→ BRIEF
If pictures appear among the lines below, leave them out while you return exactly the lines from the one with "a bedroom with" through the one with "Kamar Tidur 4 G Times Inn Hotel".

→ INPUT MATERIAL
_ _ _ _

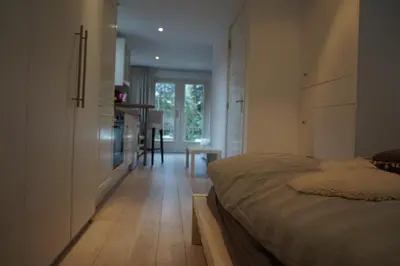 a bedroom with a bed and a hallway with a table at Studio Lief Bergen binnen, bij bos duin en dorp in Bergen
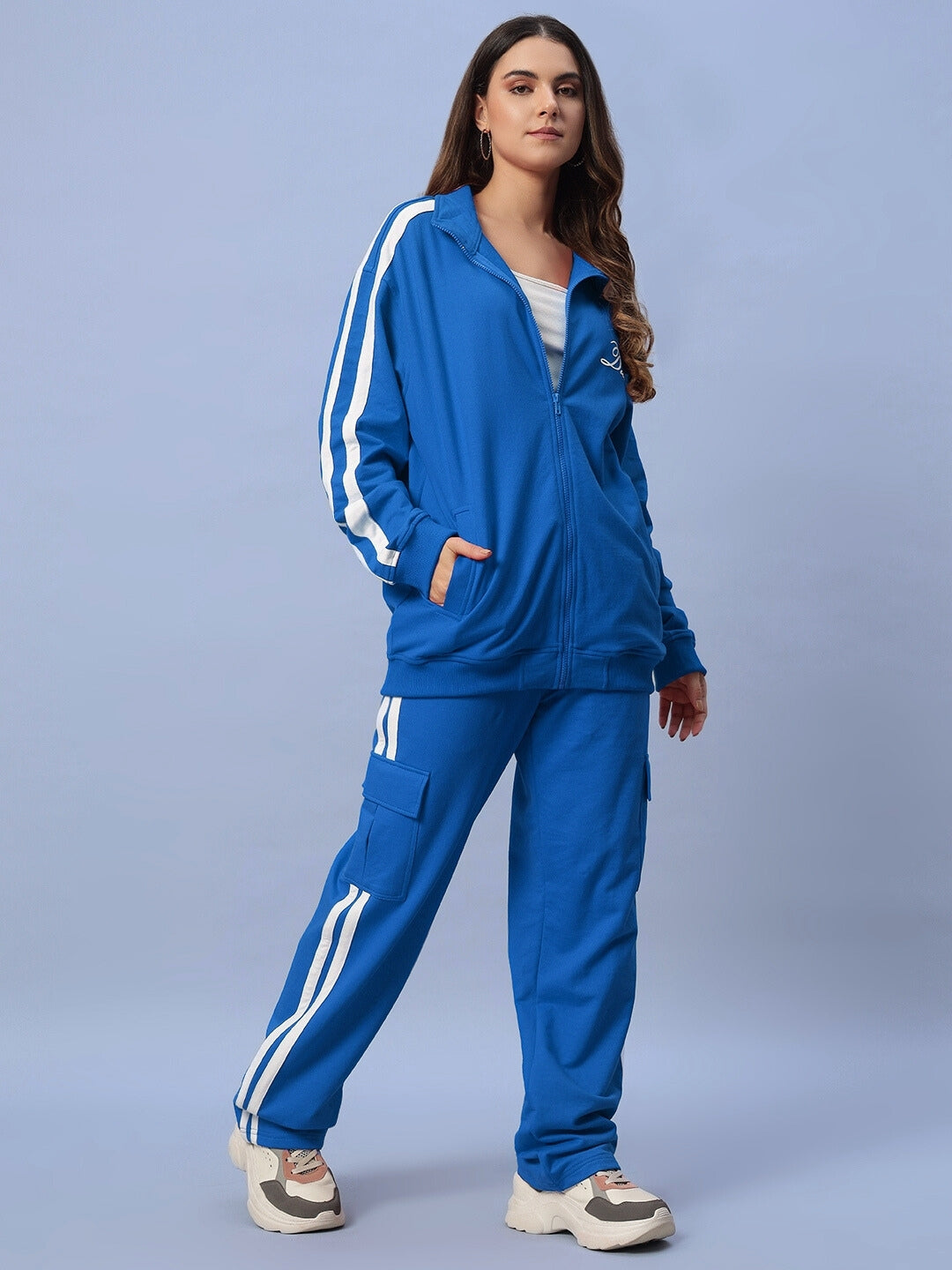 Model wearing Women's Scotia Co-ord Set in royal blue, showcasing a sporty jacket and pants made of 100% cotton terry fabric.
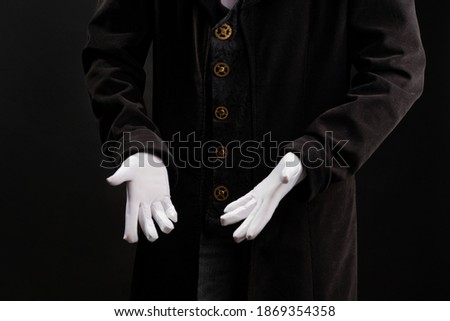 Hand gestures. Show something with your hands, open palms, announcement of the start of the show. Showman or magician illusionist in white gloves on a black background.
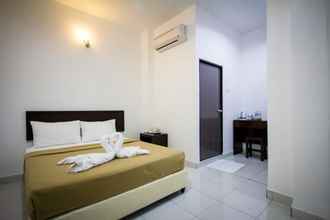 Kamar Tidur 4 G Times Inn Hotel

_ _ _ _

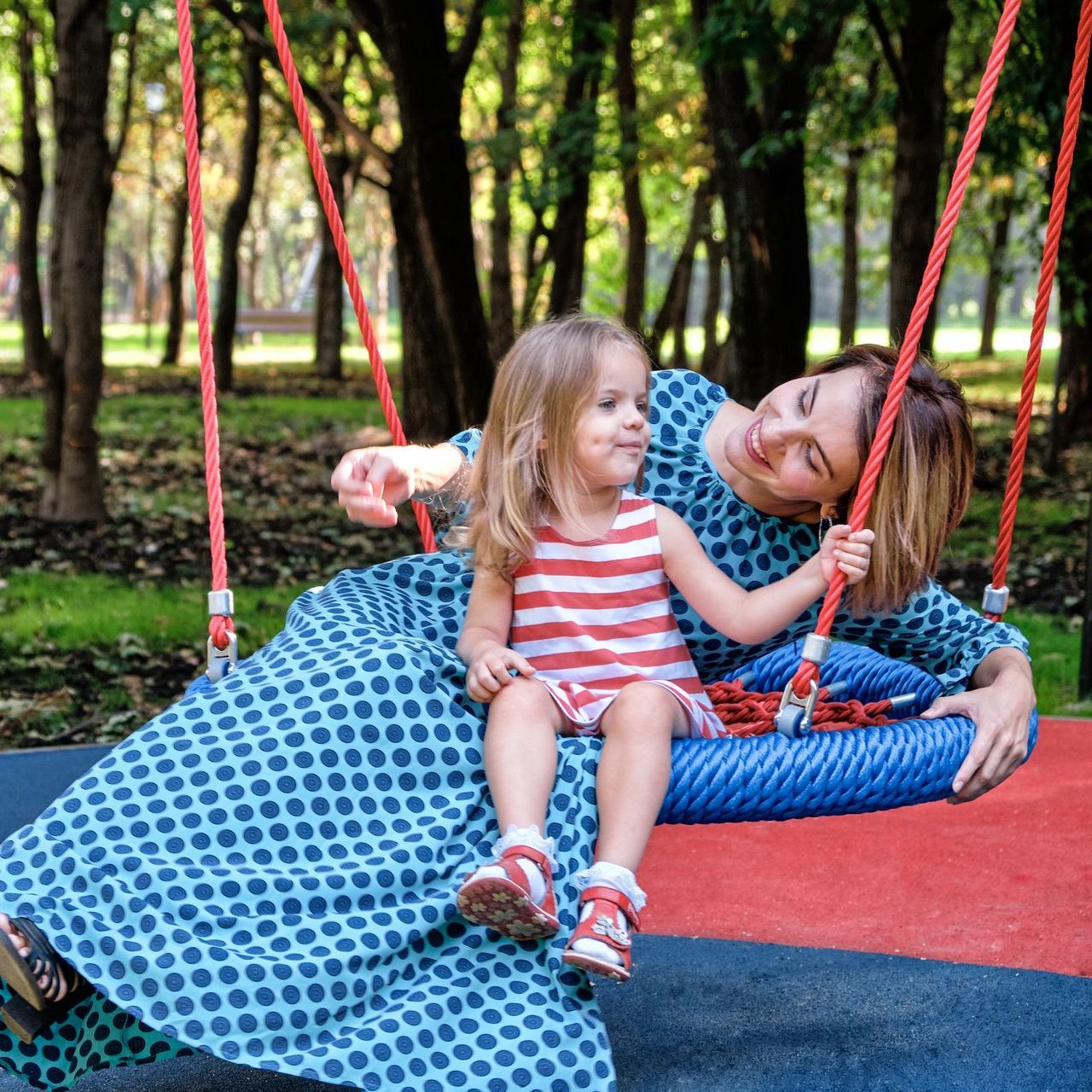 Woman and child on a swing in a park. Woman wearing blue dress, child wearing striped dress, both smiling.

_ _ _ _

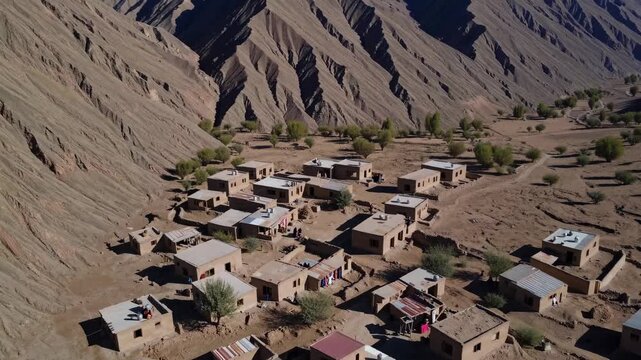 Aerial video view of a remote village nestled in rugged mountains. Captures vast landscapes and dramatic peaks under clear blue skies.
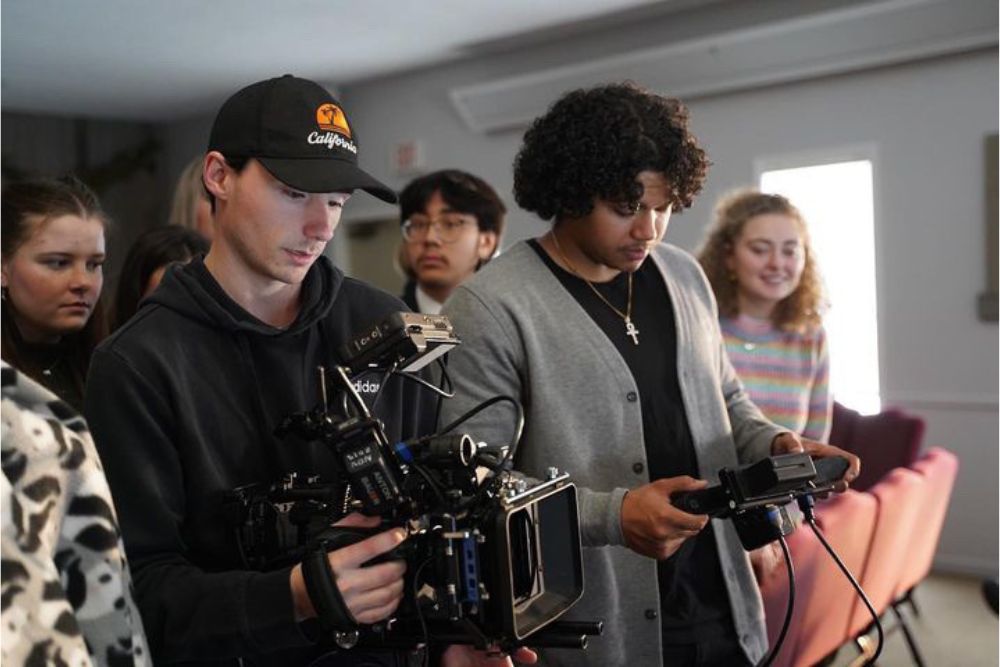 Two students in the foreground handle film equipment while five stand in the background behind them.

_ _ _ _

→ TASK RESULT
 a bedroom with a bed and a hallway with a table at Studio Lief Bergen binnen, bij bos duin en dorp in Bergen
 Model wearing Women's Scotia Co-ord Set in royal blue, showcasing a sporty jacket and pants made of 100% cotton terry fabric.
 Hand gestures. Show something with your hands, open palms, announcement of the start of the show. Showman or magician illusionist in white gloves on a black background.
 Kamar Tidur 4 G Times Inn Hotel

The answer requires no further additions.